While the Affordable Care Act had set up a $6 billion loan fund to get state co-ops off the ground, applicants would need to do a feasibility study to determine if and how a co-op could be successful. I told the Advisory Board that without planning grants, not loans, it would be difficult for an organization such as our to conduct the needed feasibility study.
As a result of my testimony, I was contacted by the U.S. Department of Health and Human Services (HHS) co-op team to give me guidance in pursuing the development of a co-op for small businesses. Their advice was to secure seed money to hire a consultant who could devote the effort needed for a preliminary exploration phase and to develop a grant proposal to do a feasibility study. I began this task and solicited the input of Mr. Rob Tester, the former director of the South Carolina State Employee Health Plan.
A funding proposal was created and I began making contacts with the few South Carolina foundations likely to be interested in such an effort. At the same time, the HHS co-op team had secured the interest of a major national foundation to possibly provide the resources for a comprehensive feasibility study of the potential small business co-op in our state.
Unfortunately the pitches to in-state foundations failed to gain traction. Worse, in April of 2011 a deal to avert a federal government shutdown resulted in $38 billion in cuts to the budget with $2.2 billion coming out of the $6 billion co-op loan program. Funding for state co-ops now looked in jeopardy and the national foundation HHS has found to provide seed capital for a feasibility study backed away.
With the funding to do the necessary study not on the horizon, the Small Business Chamber’s efforts went into hibernation….but not for long.
The following month I was contacted by the South Carolina Business Coalition on Health (SCBCH), an organization and its President, Jerry Burgess, I was familiar with. Jerry had created the organization in our state to mirror his successful Tennessee operation, HealthCare 21, which was dedicated to helping larger businesses control their health insurance costs.
Jerry told me that the SCBCH was interested in putting up the needed resources to submit a proposal to HHS for funding to establish a co-op in South Carolina under the Affordable Care Act. SCBCH believed that their larger business would benefit from stabilizing the costs of health insurance and opening up the possibility of the co-op providing services to them outside the marketplace.
On June 29, 2011, Jerry and I had dinner at 32 Queen Street in Charleston to further discuss the issue and we agreed that SCBCH would take the lead in pursuing a co-op and that the Small Business Chamber would assist in the effort.

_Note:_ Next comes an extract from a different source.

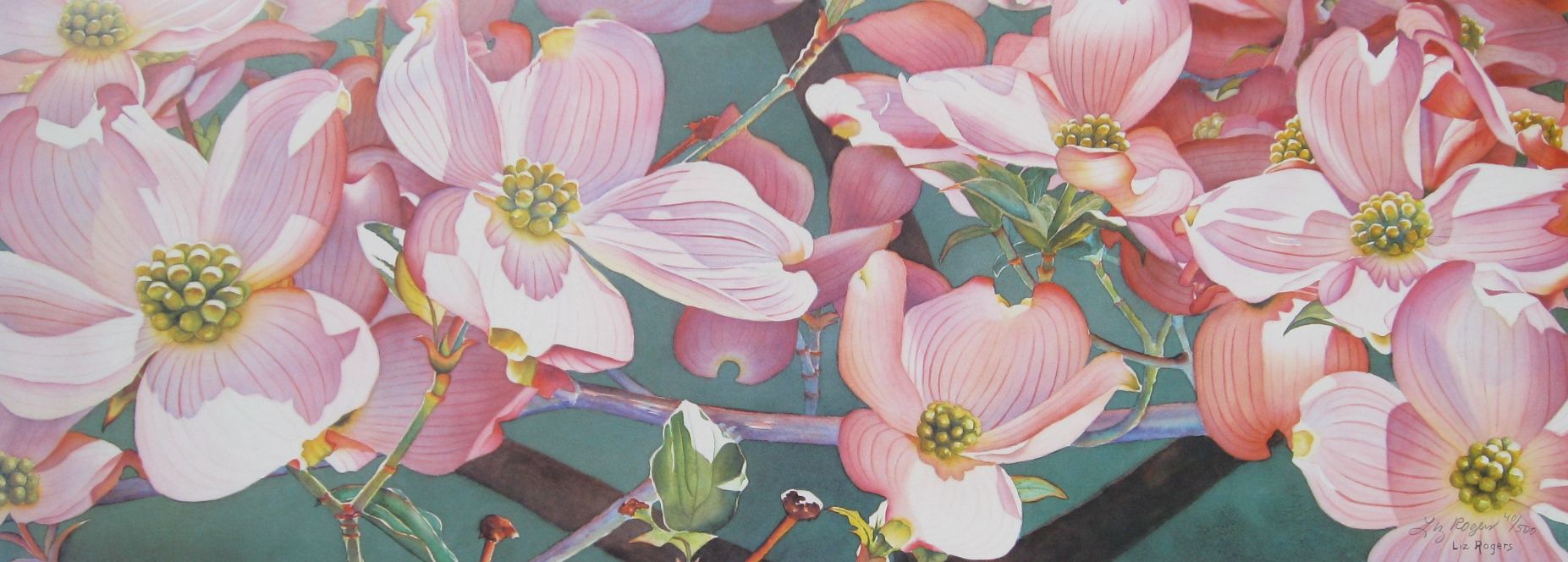 1853x664 Watercolor Flower Art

Jerry immediately set out to build a team of experts, including Mr. Tester, and by September was asking for letters of support from the small business community. A funding application was subsequently submitted to HHS for creating a co-op for South Carolina and the money was received.
I’m sure that Jerry will agree that getting the federal money was probably a lot easier than building a non-profit insurance company from scratch. But his organization was successful and Consumers’ Choice Health Plan was born. Today it is one of only 22 nonprofit co-ops under the Affordable Care Act. It is also one of only four insurance companies offering plans on the South Carolina Marketplace and two of those plans are Blue Cross Blue Shield companies.
And with all the delays in the Marketplace for small business participation (online shopping for small business group plans has been pushed back to next year), Consumers’ Choice is the only company offering group plans on the Marketplace via the mail.
So congratulations to Jerry and all who made Consumers’ Choice not only a reality but also successful.